__WHAT YOU HAVE TO DO__: Please produce an exact transcription of the lines from the one containing "Close-up of Portable" through the last line of the entries, leaving out every picture.

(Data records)
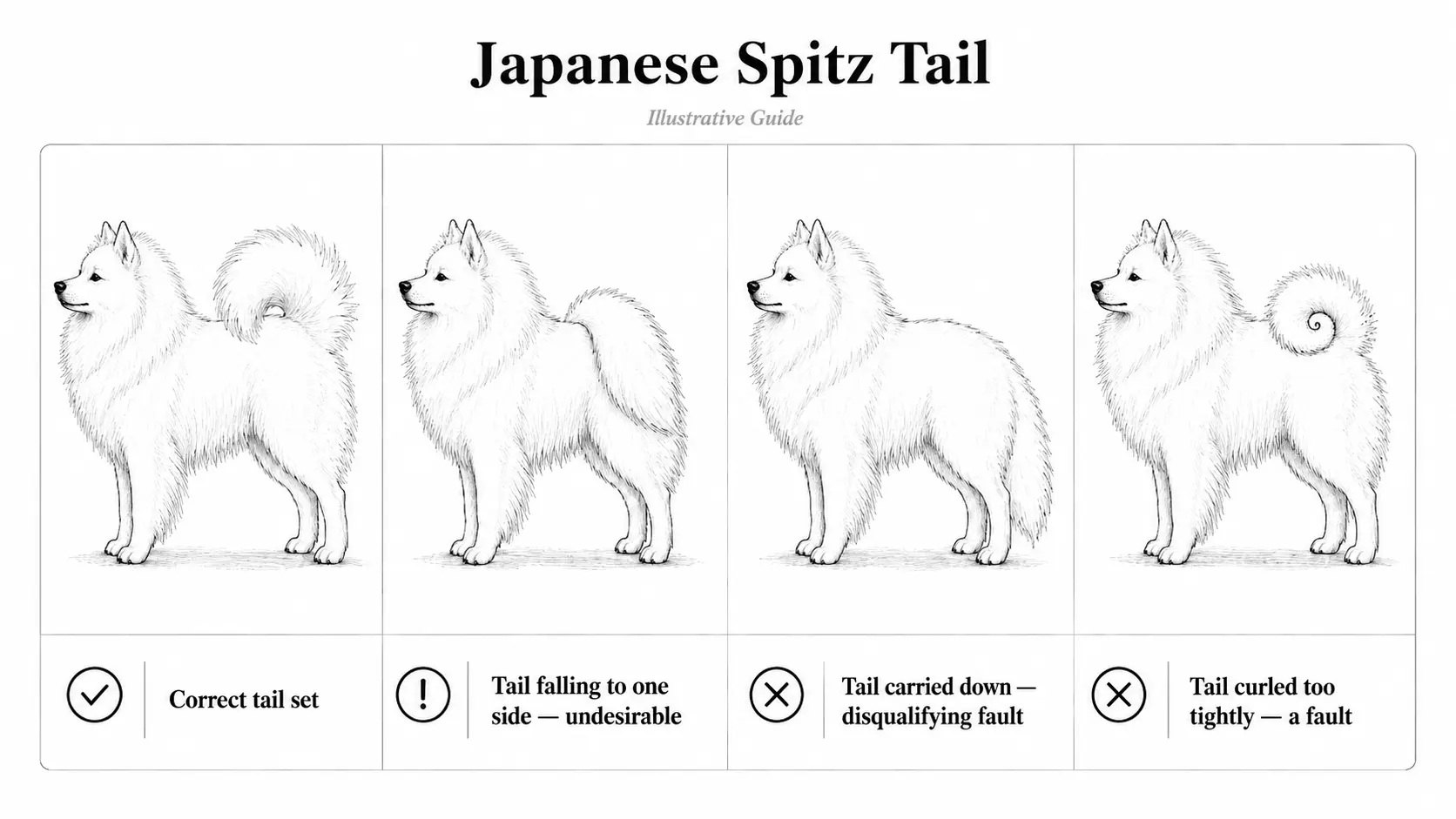Illustrative diagram of a Japanese Spitz tail - correct set over the back and faults: falling tail, carried downwards and curled too tightly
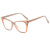 New Fashion Square Cat Eye Contrast Color European and American Plain Glasses Ins Internet Celebrity TR90 Core Insert Anti-Blue Light Spectacle Frame
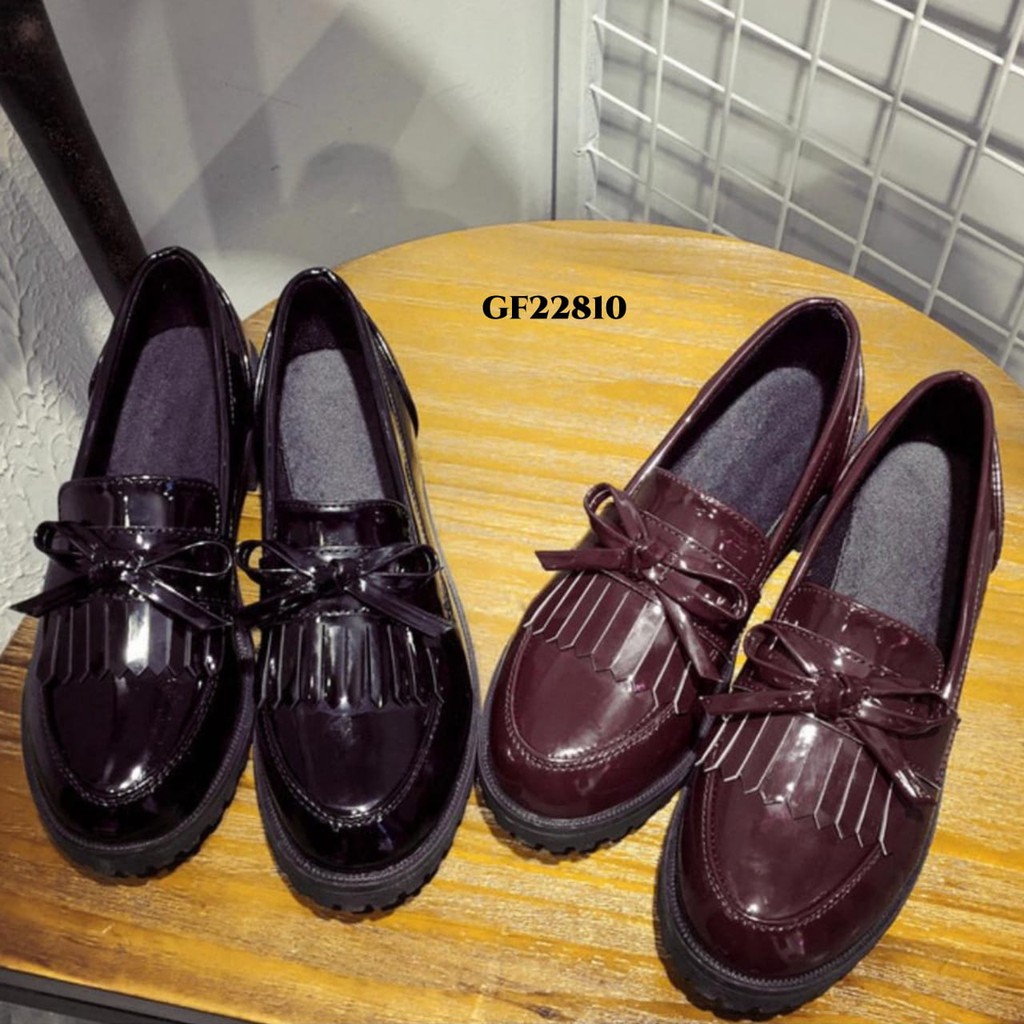 PRF Sepatu Loafers Low Block Heels Tassel Ribbon GF22810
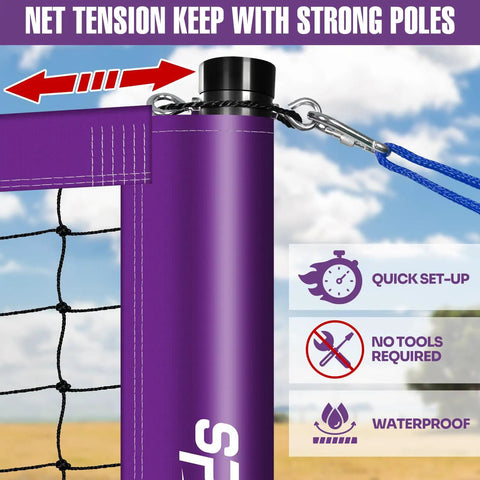 Close-up of Portable Volleyball Net Set With Adjustable Steel Poles, Anti Sag Winch System, easy setup features displayed.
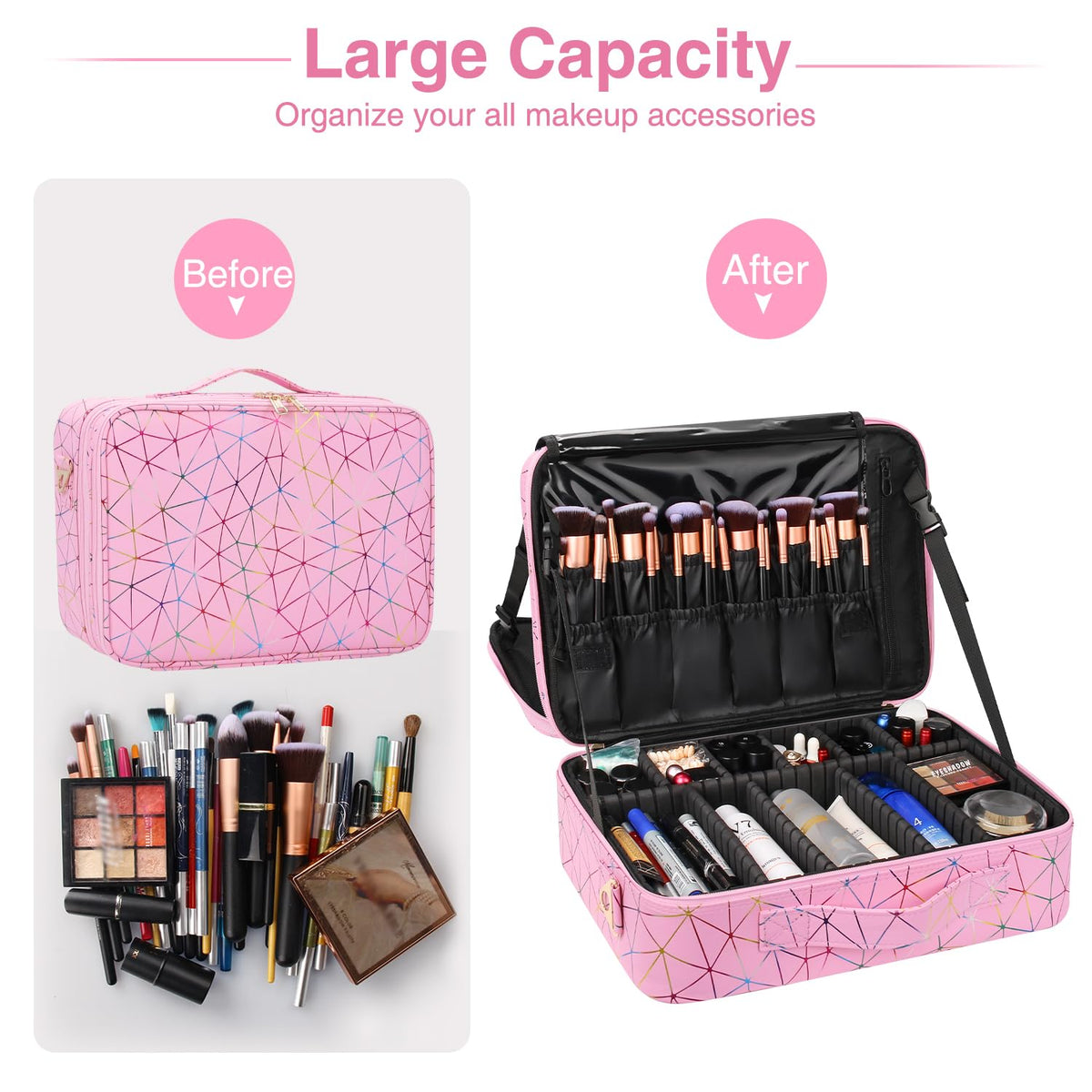 Large Makeup Case, 3 Layers Makeup Bag Cosmetic Organizer Brush Bag Barber Train Case Makeup Artist Box for Hair Curler Hair Straightener Brush Set and Cosmetics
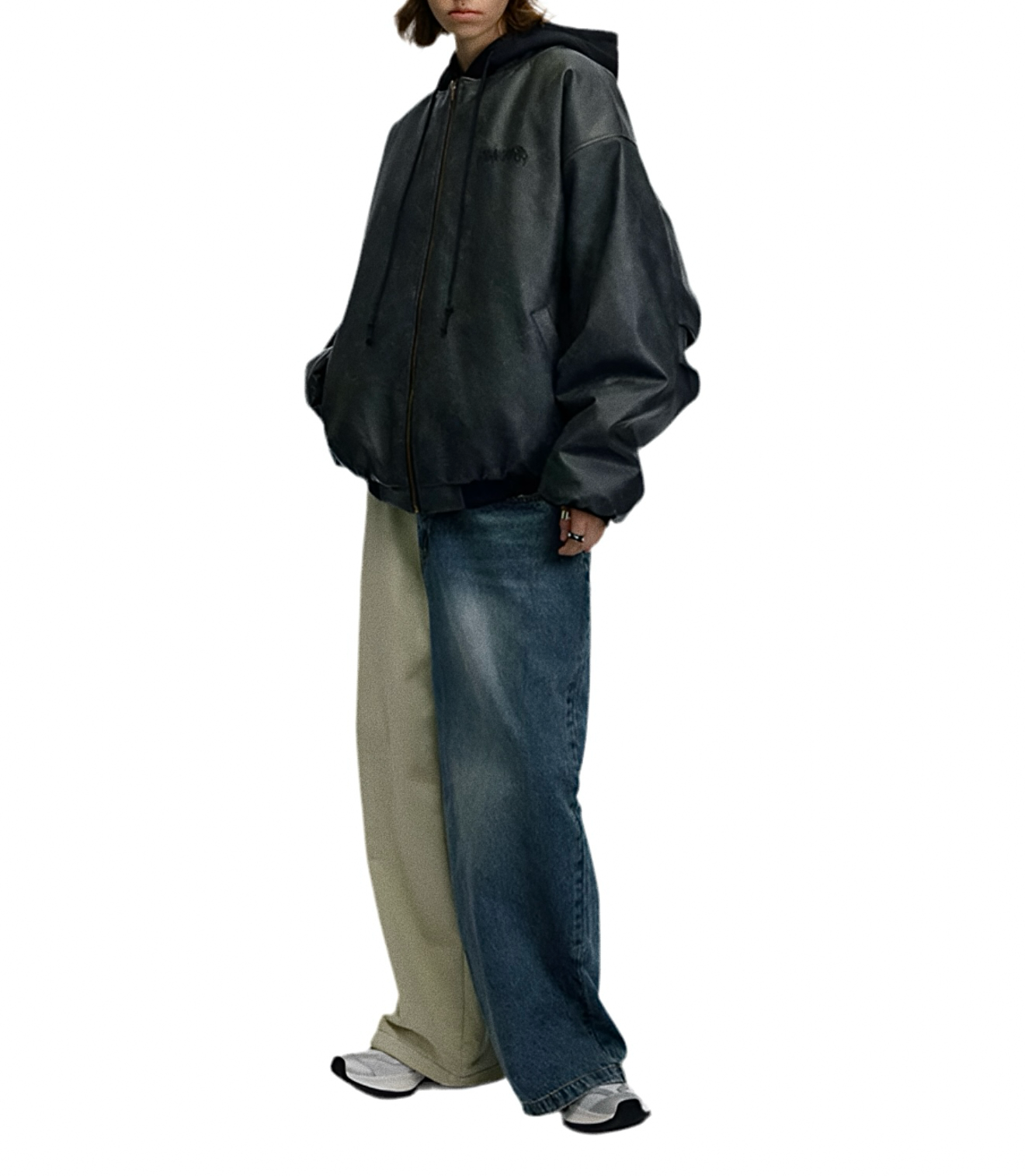 JS10009 Oversized Hooded Jacket/ PU Noir Haven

__REPLY TO THE TASK__:
 Close-up of Portable Volleyball Net Set With Adjustable Steel Poles, Anti Sag Winch System, easy setup features displayed.
 Large Makeup Case, 3 Layers Makeup Bag Cosmetic Organizer Brush Bag Barber Train Case Makeup Artist Box for Hair Curler Hair Straightener Brush Set and Cosmetics
 JS10009 Oversized Hooded Jacket/ PU Noir Haven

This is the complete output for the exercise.